Binnen de bestemming Wonen zijn uitsluitend grondgebonden woningen toegestaan. Onder voorwaarden zijn tevens beroepsmatige activiteiten toegestaan als een aan huis gebonden beroep. Met afwijking kan worden meegewerkt aan het uitoefenen van bedrijfsmatige activiteiten. Hierbij moet worden gedacht aan activiteiten die inpasbaar zijn binnen een woonwijk en vrijwel geen overlast veroorzaken voor de directe omgeving. Qua uiterlijke verschijningsvorm dienen de beroepsuitoefeningen ondergeschikt te zijn aan de omgeving en wordt de oppervlakte die voor de beroepsuitoefening naar omvang beperkt. Een van deze hoofdgroep afgeleide gespecificeerde bestemmingen binnen de Tilburgse plansystematiek is de bestemming Wonen-Gestapeld. Deze bestemming wordt gebruikt bij appartementenbouw en bij woningen die onderdeel uit maken van een gebouw dat twee of meer geheel of gedeeltelijk boven elkaar gelegen woningen omvat en uit twee of meer bouwlagen bestaat.

Op alle gronden met een middel en hoge archeologisch verwachting ligt een dubbelbestemming Waarde - Archeologie (dubbelbestemming). Deze dubbelbestemming brengt een omgevingsvergunningplicht voor het uitvoeren van werken met zich mee.
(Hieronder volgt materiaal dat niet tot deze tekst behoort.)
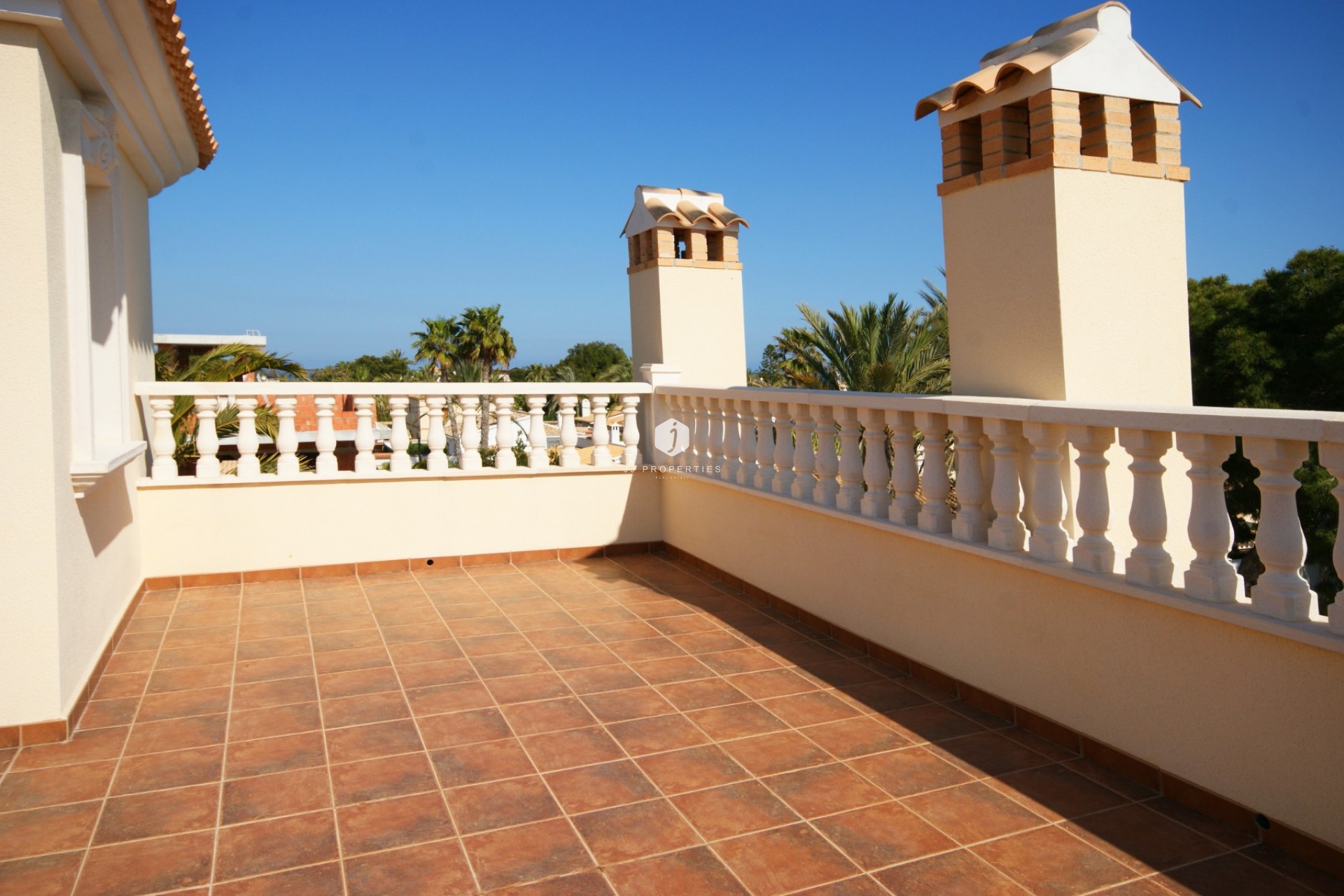 Z drugiej ręki - Villa -
Cabo Roig - Costa Blanca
Daarnaast geldt ten aanzien van de onderliggende enkelbestemming een beperking van de bouwmogelijkheden.

Bouwregels
De bouwregels bevatten een uitgebreide regeling ten aanzien van het oprichten van gebouwen en overige bouwwerken in het plangebied (bouwvlak, erf, bouwhoogte, regeling bijgebouwen, etc.). Er wordt hierbij een onderscheid gemaakt in bouwregels voor (hoofd)gebouwen, aan- en uitbouwen en bijgebouwen, bouwwerken, geen gebouwen zijnde en bouwwerken van algemeen nut.
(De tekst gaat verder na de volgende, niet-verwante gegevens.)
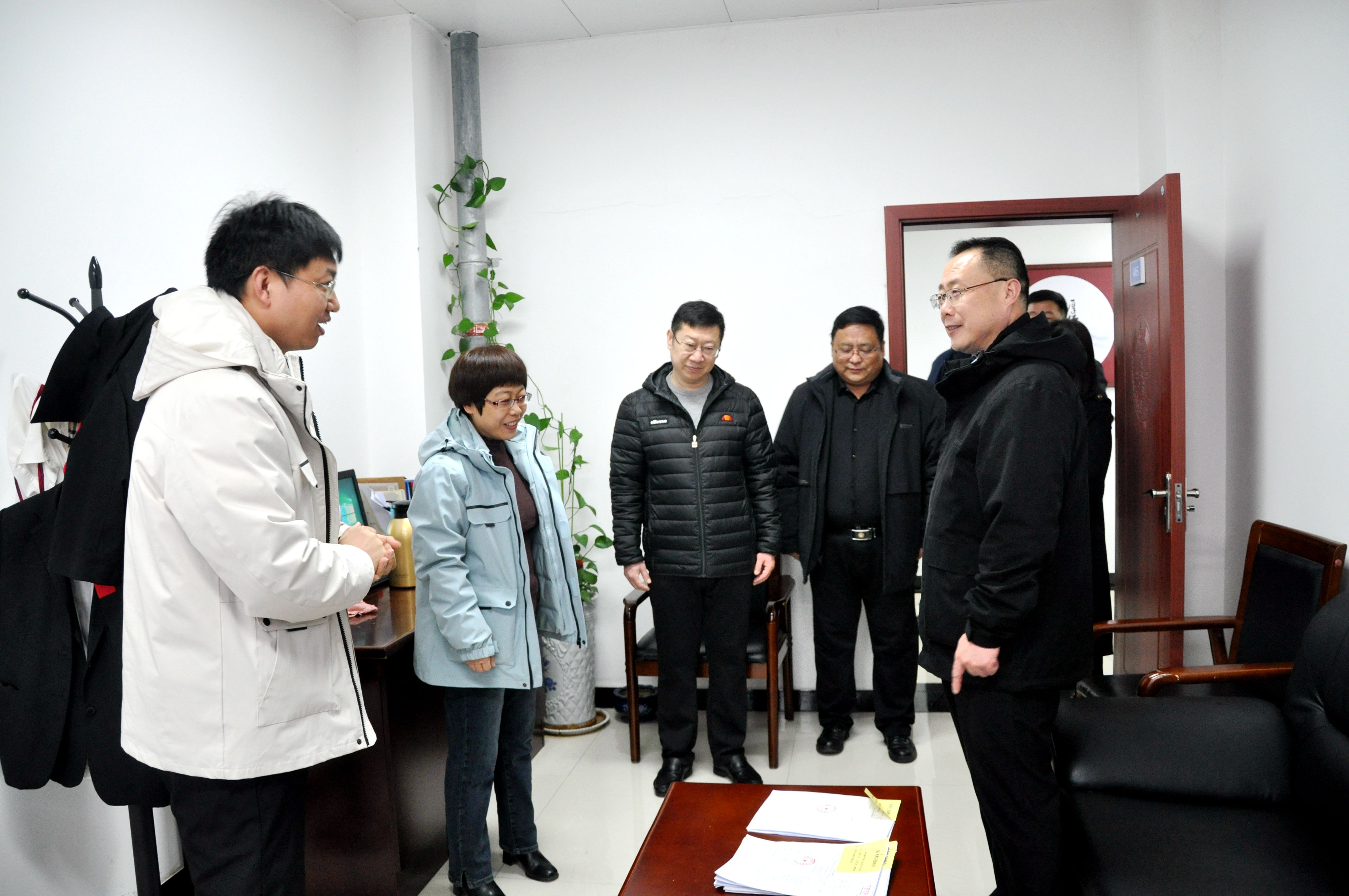 旧岁已展千重锦 新年再进百尺竿！鹤壁市淇滨区法院举行新春团拜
Nadere eisen enomgevingsvergunning voor het binnenplans afwijken van de bouwregels
Vaak heeft het college de bevoegdheid om met in achtneming van de daarvoor geldende voorwaarden en procedure nadere eisen aan bouwplannen te stellen of afwijking van de bouwregels toe te staan.

Gebruiksregels
Bij de meeste bestemmingen worden regels omtrent het gebruik van gronden en bouwwerken gegeven, al dan niet aangevuld met een aantal afwijkingsmogelijkheden, wisselend per bestemming.

Omgevingsvergunningplicht voor het uitvoeren van werken, geen bouwwerken zijnde, en werkzaamheden
Een aantal bestemmingsartikelen is aangevuld met een vergunningplicht t.a.v. bepaalde werken, geen bouwwerken zijnde.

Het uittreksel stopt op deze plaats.